In a recent chat with Abhijit Banerjee (enabled by visit days of the university – and not because I have a direct line to Nobel laureates), he remarked to me that “economists aren’t great communicators of economic ideas, and great communicators of economic ideas are not economists”. He also went on to point out that the general public is comfortable talking about complex topics in other areas, such as relativity in physics, despite probably not being familiar with its academic material (I have yet to meet a relative that has even heard of Arrow’s theorem, let alone discuss what a thing of beauty it is).

I think part of the reason for this is a relatively high entry barrier to understanding major economic ideas as a layman.

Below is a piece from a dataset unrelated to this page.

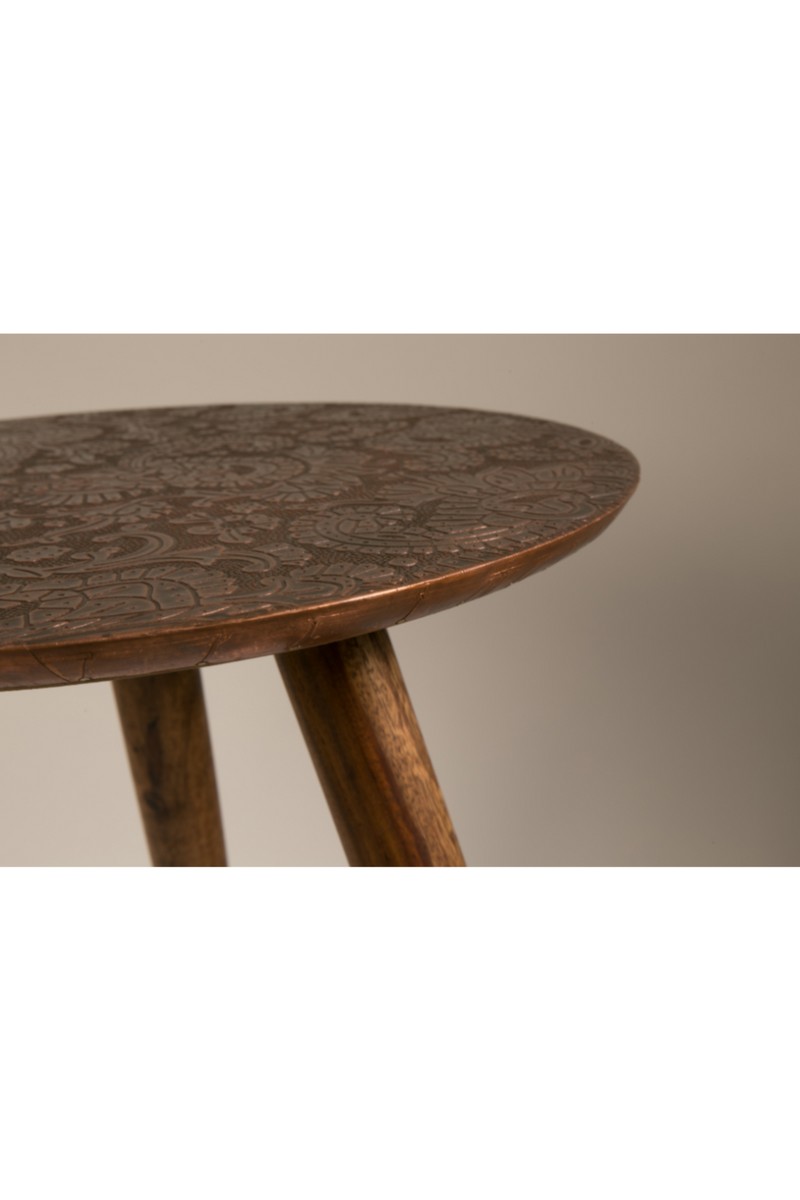 Round Copper End Table | Dutchbone Bast | Woodfurniture.com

As an engineering undergrad, I felt confident talking about concepts such as existentialism and the trinity despite having next to zero foundational understanding of the respective subjects, and yet I could never talk about any real economics beyond supply and demand. As I’ve become familiar with academic economics, I’ve come to believe that a preference for symbolism and formalism in economic modeling makes it harder for the average reader to convince herself that she understands the subject. An influence of the field of mathematics, which is famously tough for the layman to comment on (even on problems that only needs high school mathematics to appreciate – where are the T-shirts with Diophantine equations and Fermat’s Last Theorem?), is obvious.

I get the allure for insiders of the profession – once you’re familiar with this methodology, you can state your ideas more precisely and communication with other academics becomes easier. I imagine the barrier also ensures that ill-informed voices do not hold sway and misdirect the field. However I believe existing barriers at journals and conferences – those of peer review and dialogue – should be sufficient to ensure that. Also, symbolism and formalism can exist along with attempts to elucidate the ideas digestibly to those both within and without the field. The former does exist to an extent I think – I’ve read a lot of great recent papers that lay out quite accessibly why the problem is interesting and important – but maybe there’s not enough pithy communication to the external world? There probably also isn’t much popular media content in economics that rivals Sagan’s Cosmos or the Emperor of Maladies and so forth.